■ Exercise objective
Lines from the one containing "Flower Rack North" through the last line of the records below need to be repeated exactly; nothing else, and no pictures.
START Source material
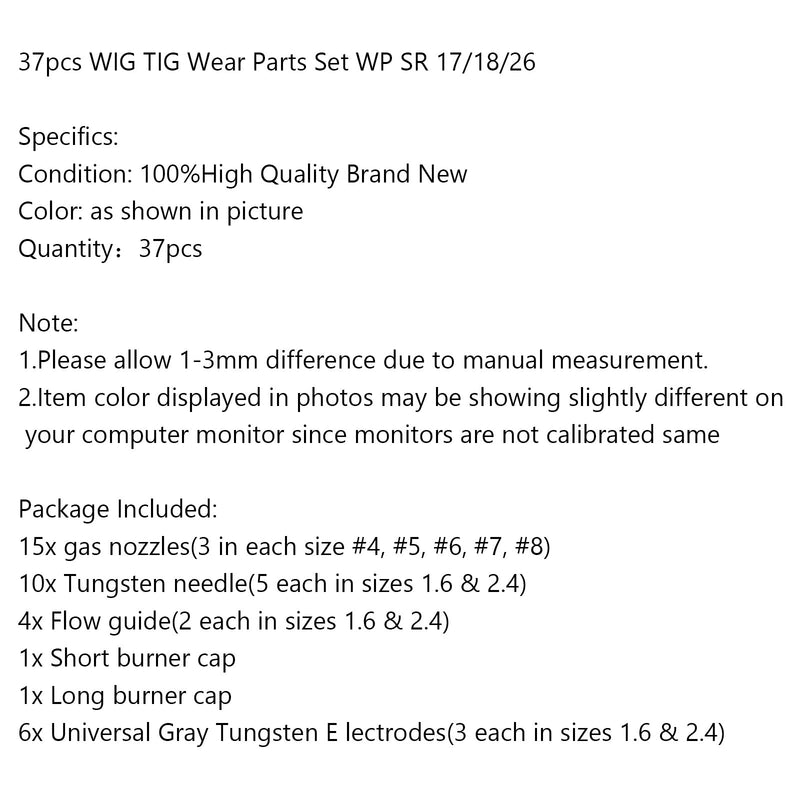 Tocha de soldagem TIG 37 peças 17/18/26 conjunto de peças de desgaste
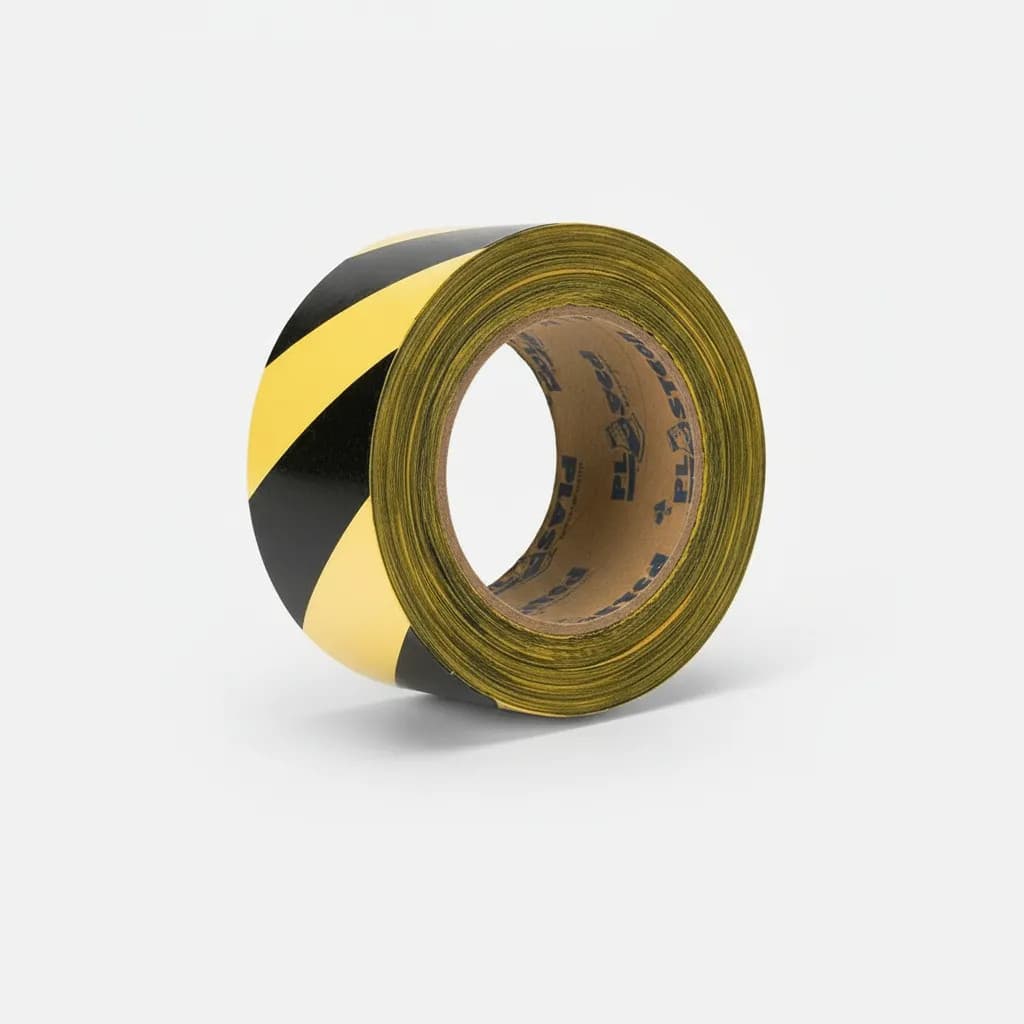 Fita Zebrada Amarela e Preta Para Demarcação Sinalização 7cm x 100m Plastcor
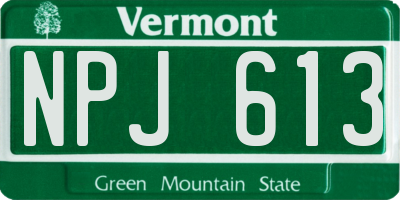 VT license plate NPJ613
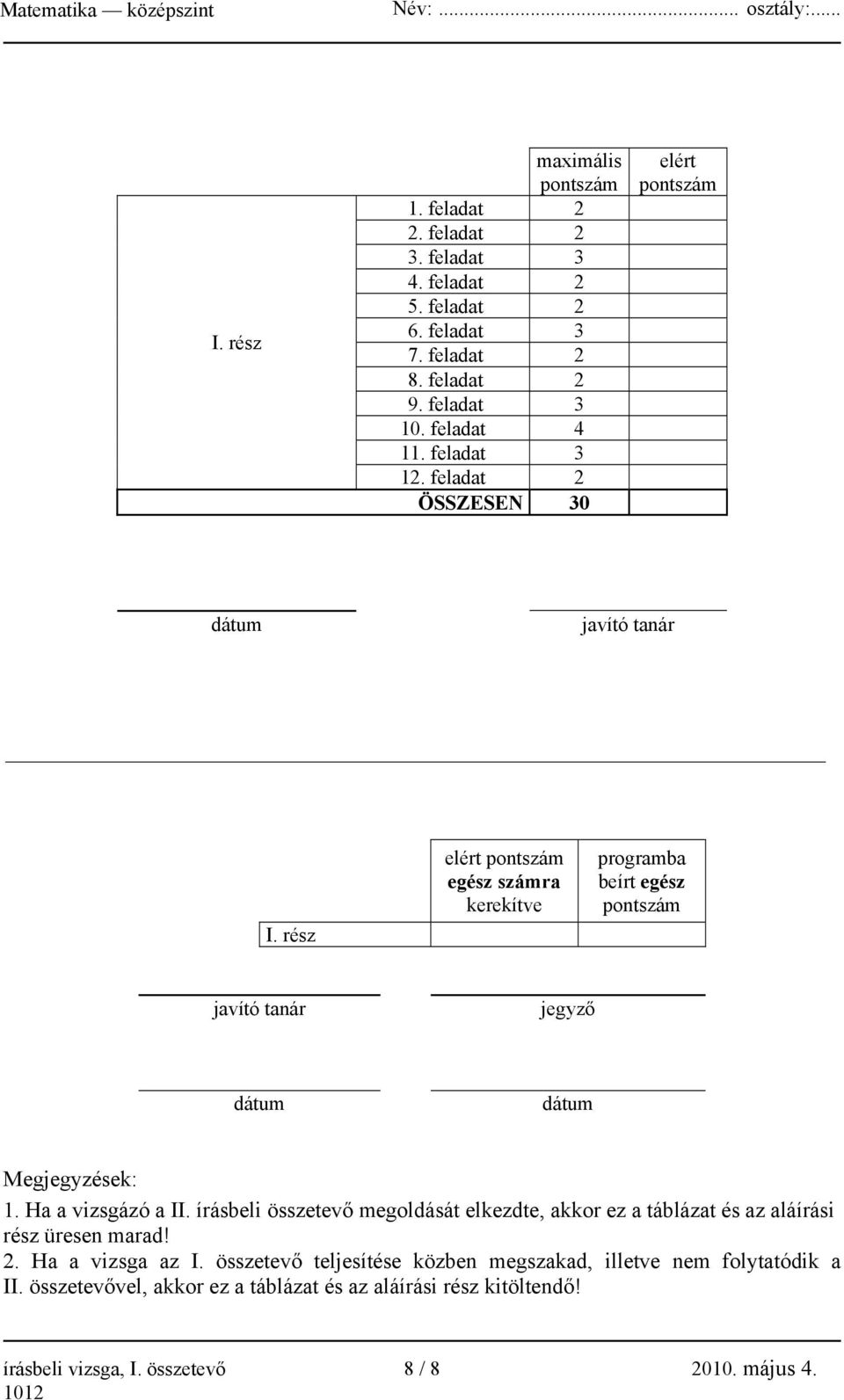 rész elért pontszám egész számra kerekítve programba beírt egész pontszám javító tanár jegyző dátum dátum Megjegyzések: 1. Ha a vizsgázó a II.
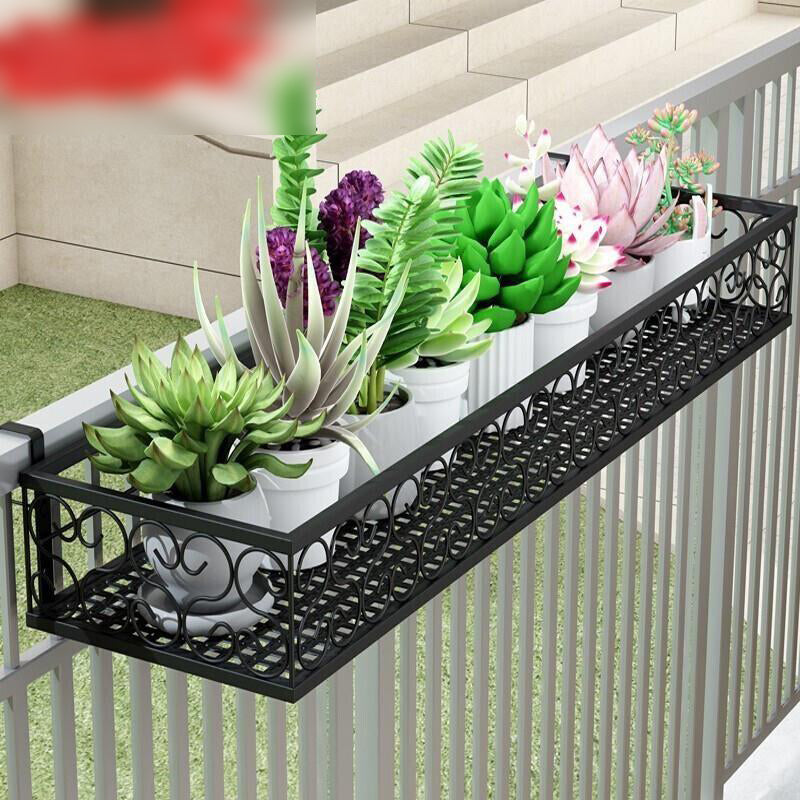 Flower Rack North European Balcony Bold Reinforced Non Perforated Iron Railing Multi-layer Hanging Partition Flower Pot Rack Wall Hanging Green Pineapple Fleshy Length 60cm Width 20cm Height 11.5cm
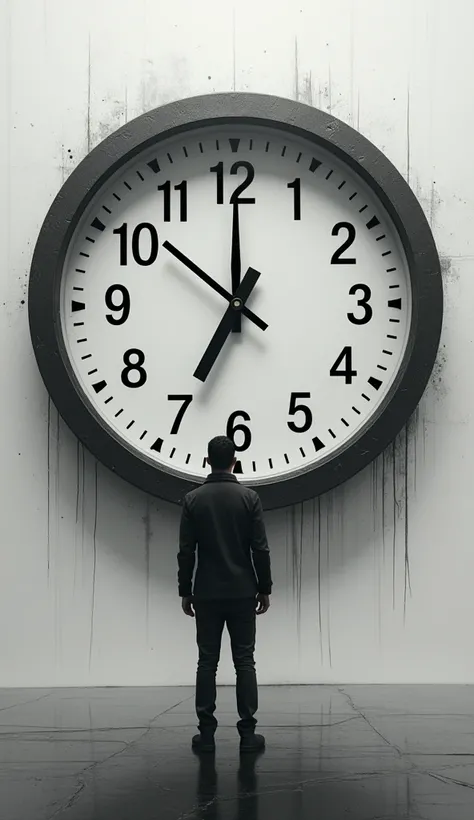 A clock showing the time ticking away with a person standing in front of it, making the decision to act immediately, capturing the urgency of the moment.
END Source material
■ Answer area
 Flower Rack North European Balcony Bold Reinforced Non Perforated Iron Railing Multi-layer Hanging Partition Flower Pot Rack Wall Hanging Green Pineapple Fleshy Length 60cm Width 20cm Height 11.5cm
 A clock showing the time ticking away with a person standing in front of it, making the decision to act immediately, capturing the urgency of the moment.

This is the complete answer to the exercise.